My class on Friday and Saturday was “Seeing the Everyday” with an amazing photographer and sparkling soul Amy Gretchen. Seriously, this woman’s smile lit up the whole room. And I left the class feeling so much more intimate with my camera. I had a Cannon AE-1 film camera that my folks got me in late High School and got to know it pretty well. My husband bought me a Nikon D5000 (Digital SLR) as a graduation gift when I received my MBA a few years ago and I never really took it off the auto settings…not even through the thousands and thousands of photos we took of my son during this past year. Since taking Amy G.’s class, I am walking around with my camera in one hand (trying to make it feel like an extension of my arm rather than a clunky distraction) shooting in manual, from different angles, and trying to capture those simple moments. I see a significant difference in the pictures I took pre- and post- Amy G. I feel pretty lucky to have been a part of her class.
Oh, and did I mention that in between these two life-altering classes I got to indulge in yoga with Michelle? I emerge from her classes feeling so centered, and so ready to take on the world. And we heard Maya Donenfeld and Alena Hennessy speak about writing their respective books.

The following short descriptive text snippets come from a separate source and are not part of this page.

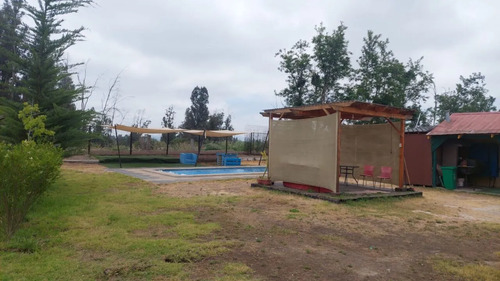 Venta Parcela 5010 Mts, Melipilla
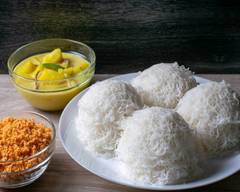 String Hopper Hut Colombo 06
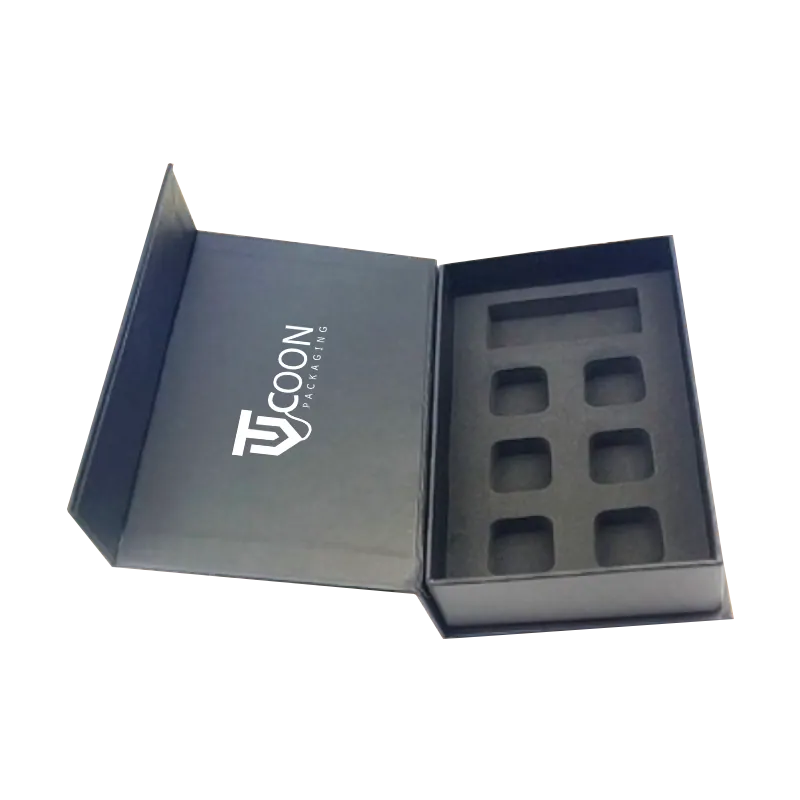 Foam Inserts For Boxes - Image 2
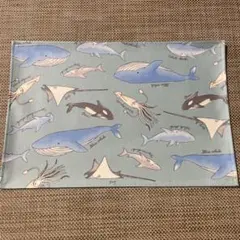 mimi様専用 ラミネート　ランチョンマット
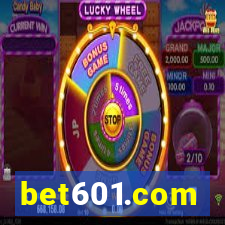 bet601.com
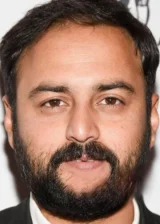 Амар Каушик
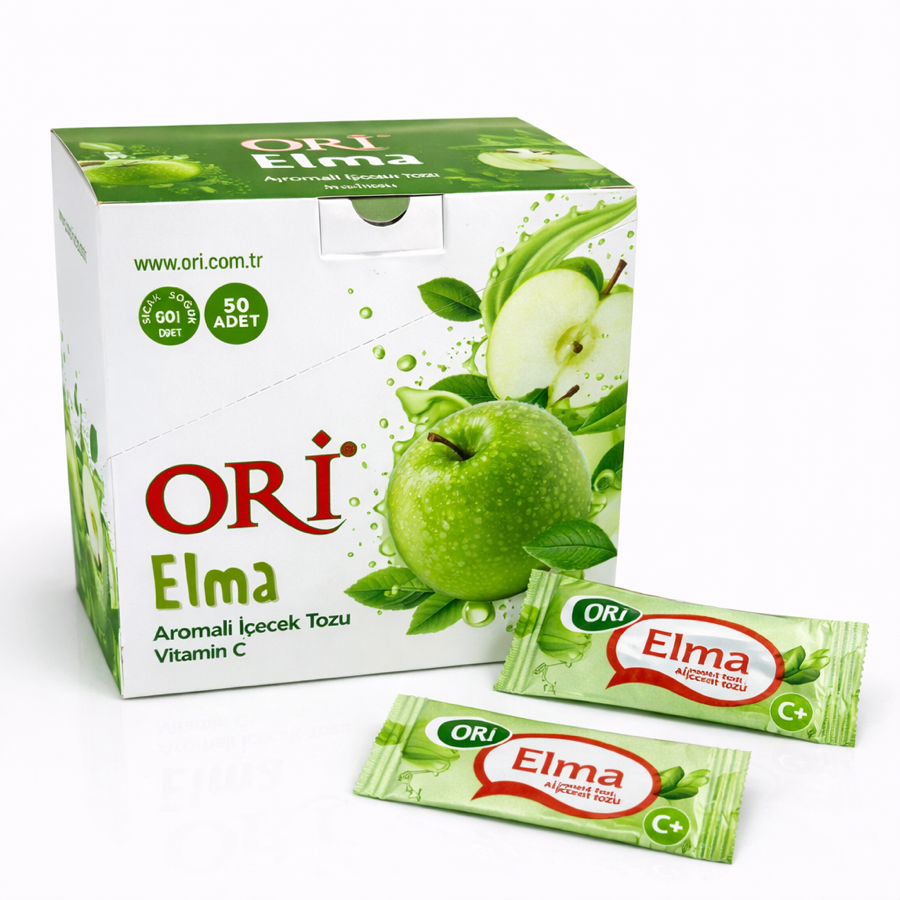 Elma Tek İçimlik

Learning at Squam is like a tidal wave. I think that is another reason so many of us have so much trouble describing it. It takes days, weeks, until the next year’s Squam for all of it to sink in. The experiences I shared with my classmates, my cabin-mates, the stranger-now-friend sitting next to me at Jonatha’s performance, the chance encounters on the “commute” to and from class, this is where the real magic takes place. Each encounter is almost like a little miracle to me. Knowing that we really saw each other in those moments, and imprinted, and left a little spark behind. It is changing the world.
I could write another thousand words. Don’t worry, I will.